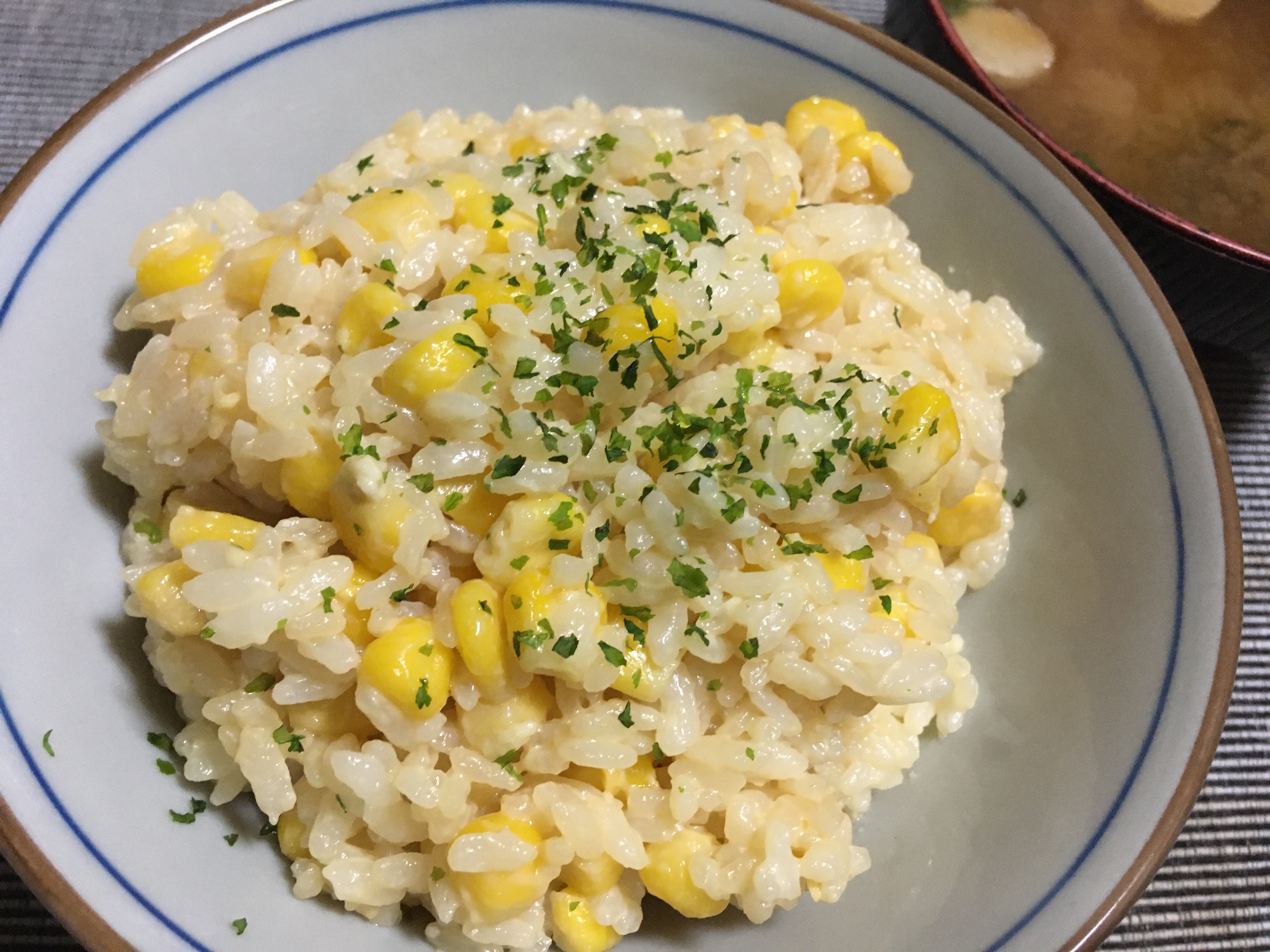 ななせなつひ 悪魔のコーンバターご飯です コーンとクリームチーズをレンジでチンして混ぜ合わせる この時点で美味しい肴に 冷ご飯 とバターを入れてバターが溶けるまでレンジでチン お醤油をかけて混ぜ合わせたら完成 朝ご飯などにぜひぜひ 多めに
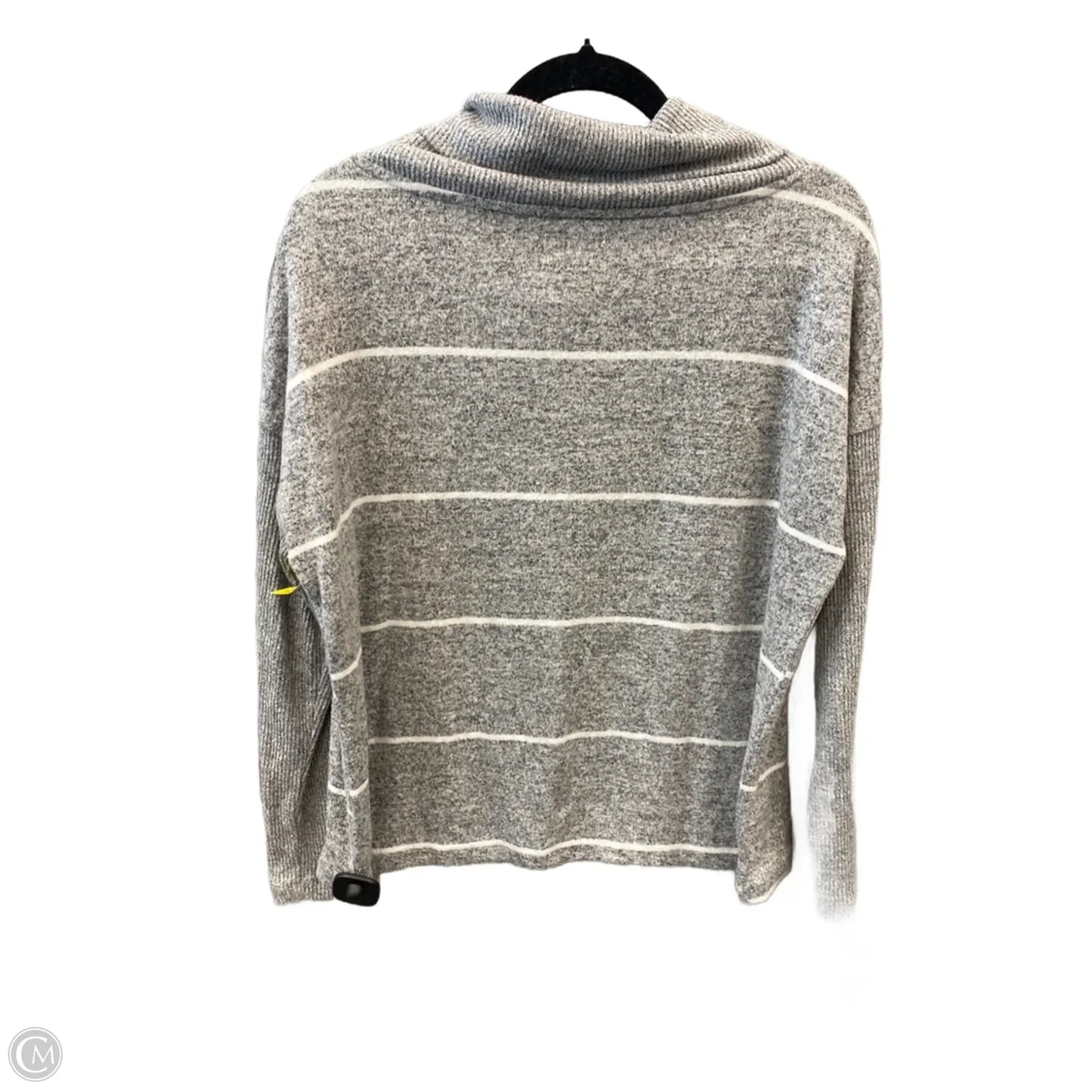 Top Long Sleeve By Maurices In Grey, Size: M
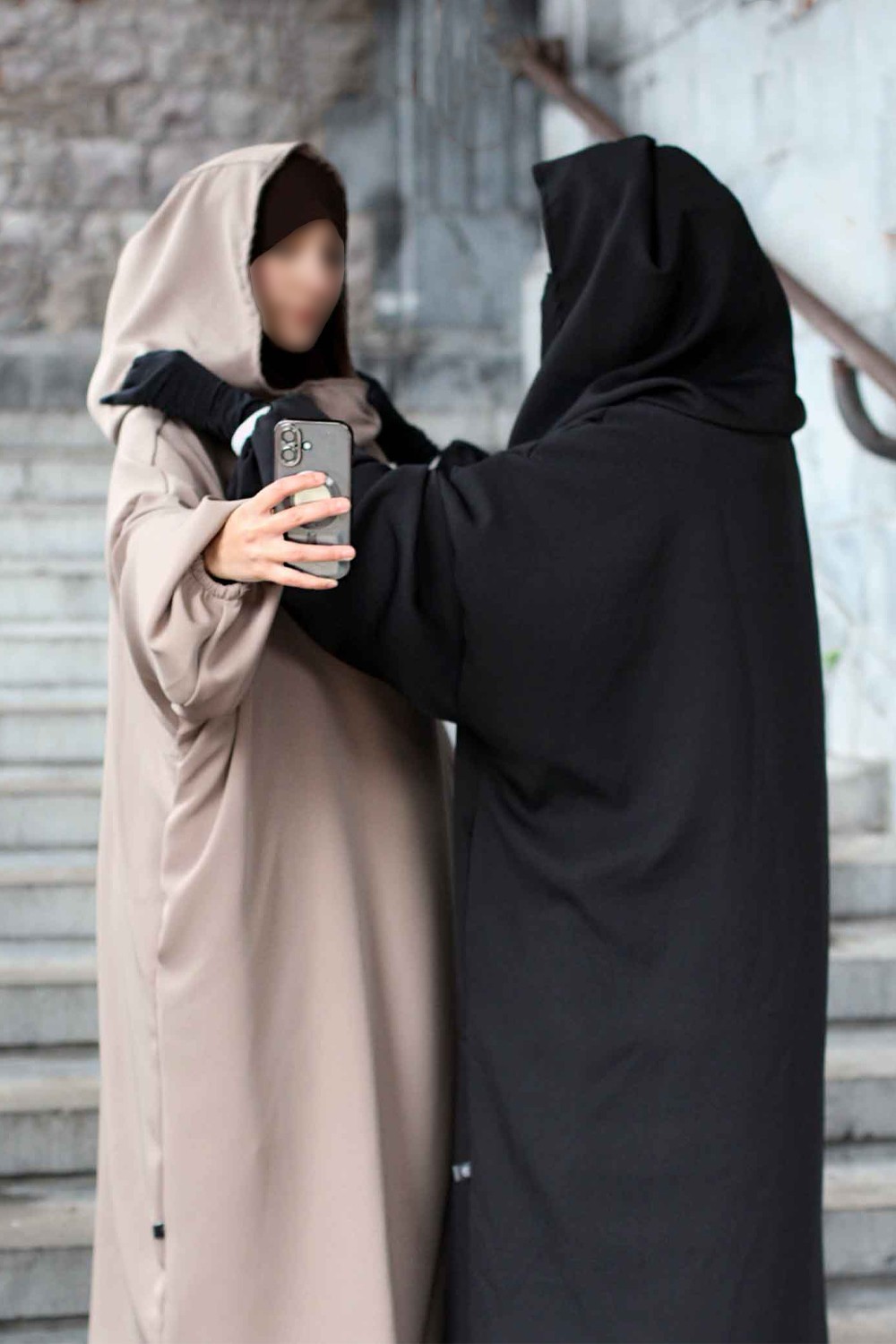 Over Abaya Hafsa door Umm Hafsa-Gilet & Manteaux-Safwa Boutique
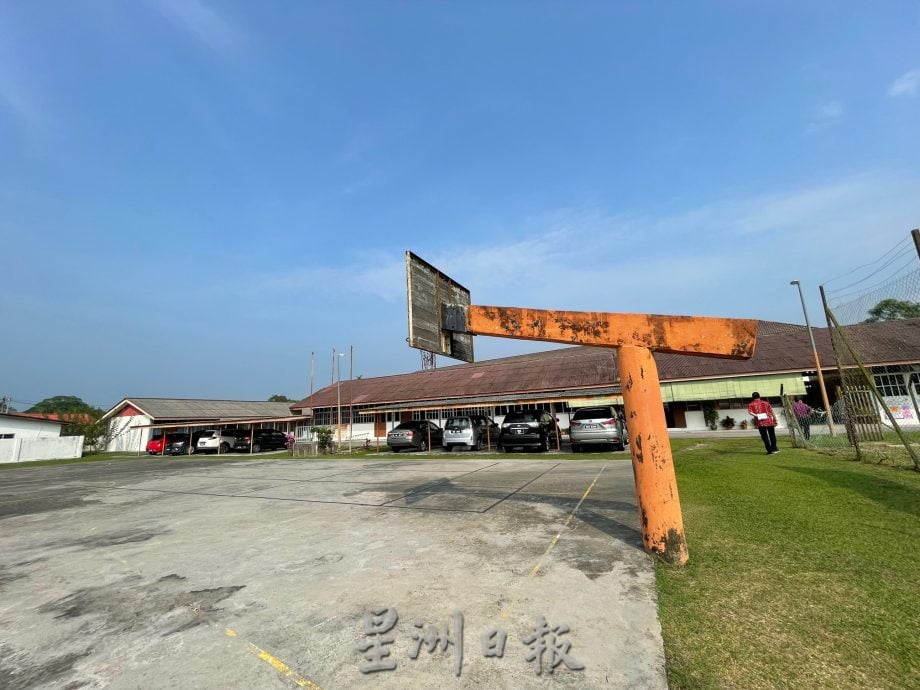 （吉粦华小-A+B文）吉粦华小篮球场+资料中心开幕启用/4图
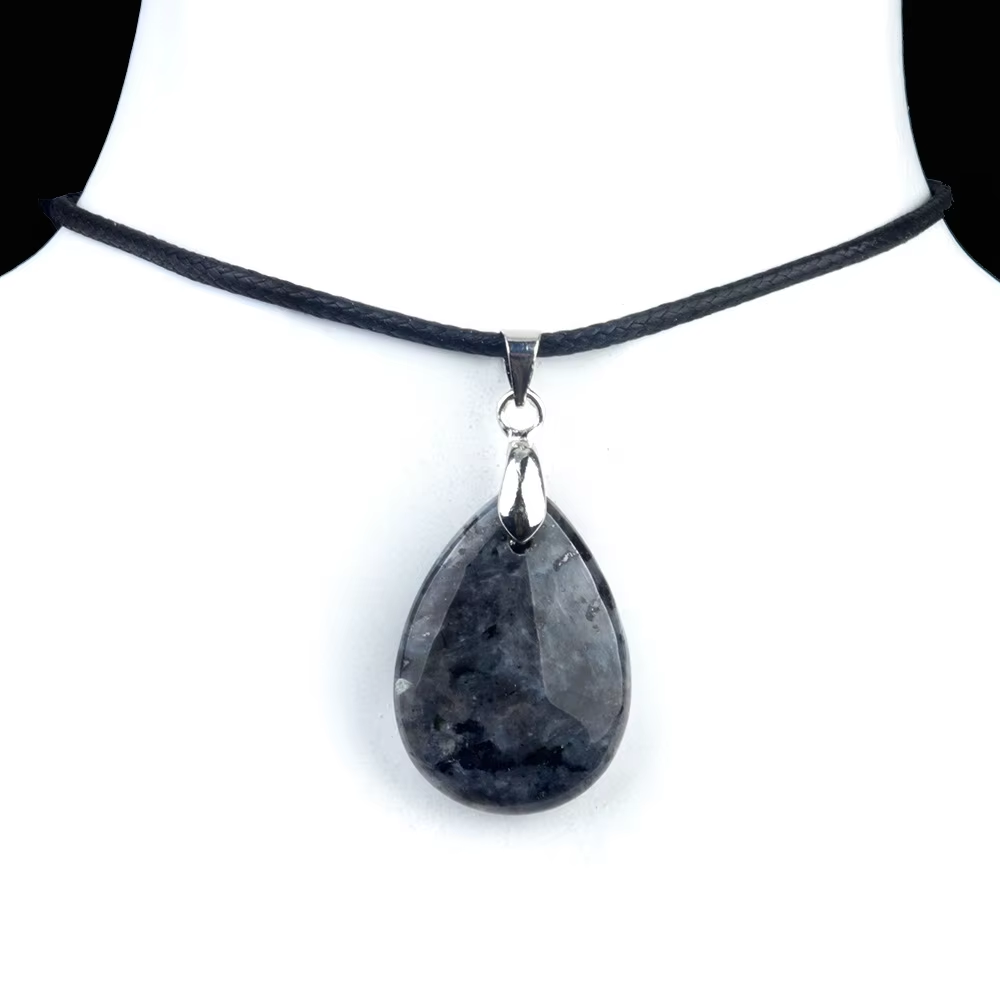 Spektrolit nyaklánc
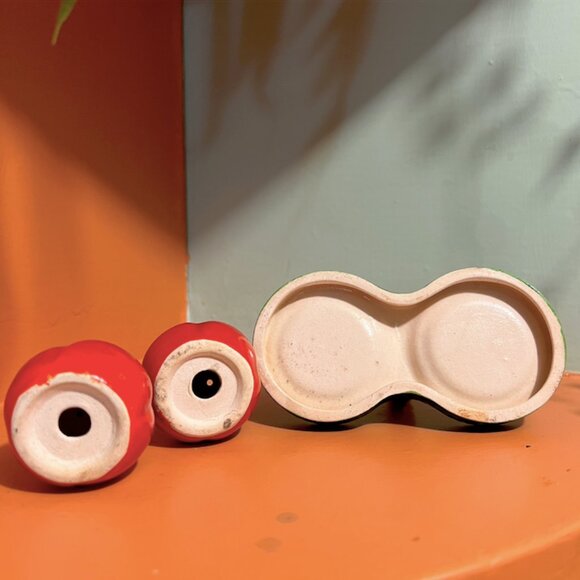 Vintage 40's Japanese Tomato Basket Salt and Pepper Shakers - Picture 6 of 8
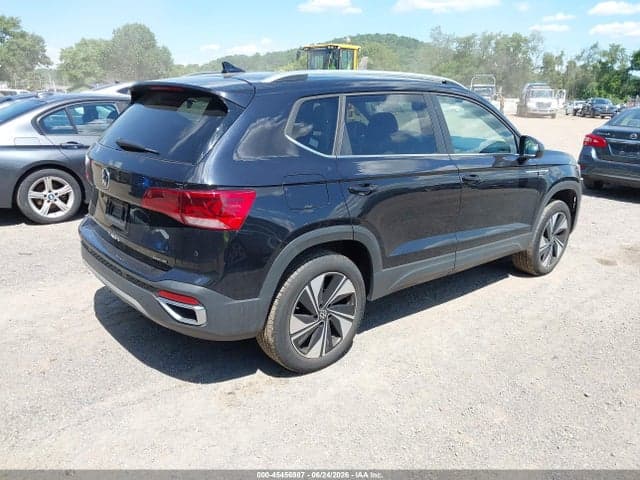 2024 VOLKSWAGEN TAOS 1.5T SE 4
★ ★ ★ ★
The task: Reproduce the listing exactly, minus its pictures.

Reply:
 ななせなつひ 悪魔のコーンバターご飯です コーンとクリームチーズをレンジでチンして混ぜ合わせる この時点で美味しい肴に 冷ご飯 とバターを入れてバターが溶けるまでレンジでチン お醤油をかけて混ぜ合わせたら完成 朝ご飯などにぜひぜひ 多めに
 Top Long Sleeve By Maurices In Grey, Size: M
 Over Abaya Hafsa door Umm Hafsa-Gilet & Manteaux-Safwa Boutique
 （吉粦华小-A+B文）吉粦华小篮球场+资料中心开幕启用/4图
 Spektrolit nyaklánc
 Vintage 40's Japanese Tomato Basket Salt and Pepper Shakers - Picture 6 of 8
 2024 VOLKSWAGEN TAOS 1.5T SE 4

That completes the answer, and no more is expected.